Define the potential outcome of any individual as follows:
$$
\text{Potential Outcome} = \left \{
\begin{array}{ll}
Y_{1,i} & \text{if } D_i = 1 \\
Y_{0,i} & \text{if } D_i = 0.
\end{array}
\right .
$$
$Y_{0,i}$ is the health of individual $i$ if he had not gone to the hospital, regardless of whether he actually went or not (we want to think about counterfactuals) and in the same way, $Y_{1,i}$ is the health of the individual is he did go.

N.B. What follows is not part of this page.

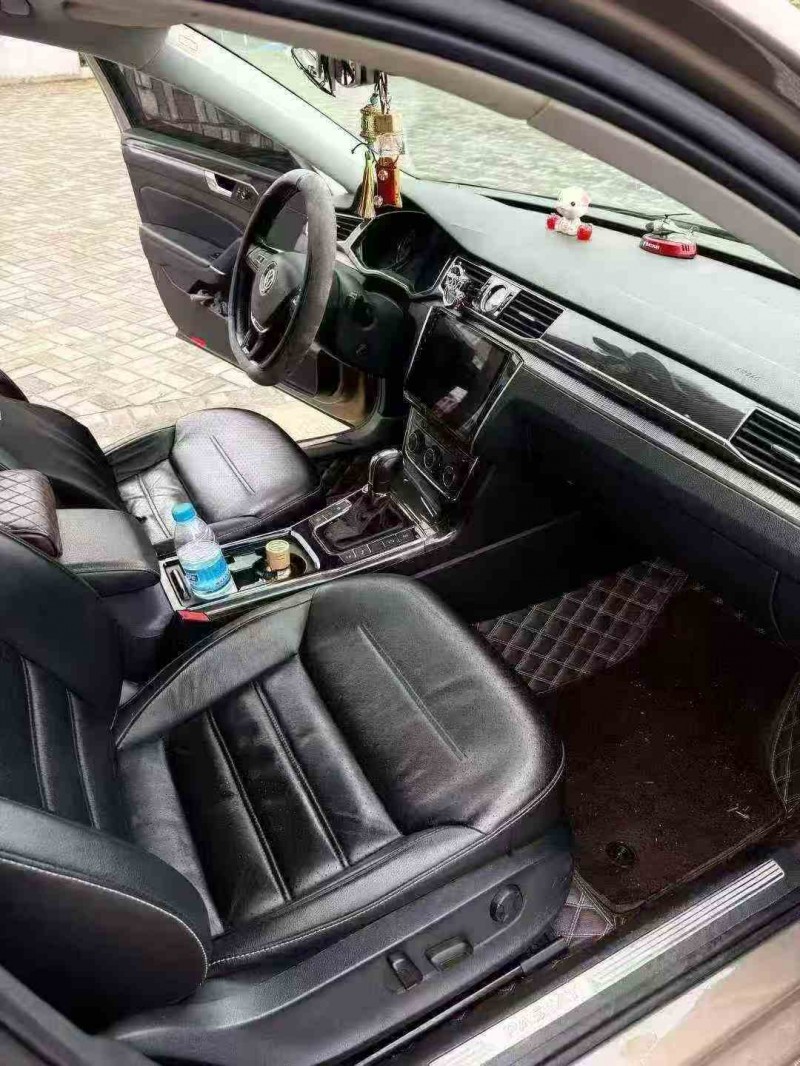 岳阳19年大众迈腾6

Now, write the actual observed outcome in terms of the potentials,
$$
Y_i = \left \{
\begin{array}{ll}
Y_{1,i} & \text{if } D_i = 1 \\
Y_{0,i} & \text{if } D_i = 0.
\end{array}
\right.
$$
Thus, $Y_i = Y_{0,i} + (Y_{1,i} - Y_{0,i}) D_i$. Now, we can define the causal effect as $Y_{1,i} - Y_{0,i}$. This works because it is in terms of potentials. Now, suppose we again look at the observed differences in average health:
\begin{align*}
E[Y_i | D_i=1] - E[Y_i|D_i=0] &= E[Y_{1,i}|D_i = 1] - E[Y_{0,i}|D_i = 1] \\
& \qquad + E[Y_{0,i}|D_i=1] - E[Y_{0,i}|D_i=0].
\end{align*}
Notice that the term $E[Y_{1,i}|D_i = 1] - E[Y_{0,i}|D_i = 1]$ can be interpreted as the average treatment effect on the treated and $E[Y_{0,i}|D_i=1] - E[Y_{0,i}|D_i=0]$ as the bias in selection. Now, if the treatment $D_i$ is assigned randomly, then we have
\begin{align*}
E[Y_i | D_i=1] - E[Y_i|D_i=0] &= E[Y_{1,i}|D_i] - E[Y_{0,i}|D_i=0] \\
&= E[Y_{1,i}|D_i] - E[Y_{0,i}|D_i=1] \\
&= E[Y_{1,i} - Y_{0,i}|D_i=1] \\
&= E[Y_{1,i} - Y_{0,i}],
\end{align*}
where we see that $E[Y_{1,i} - Y_{0,i}]$ is the average causal effect that we are interested in. This is a basic way of thinking about causality.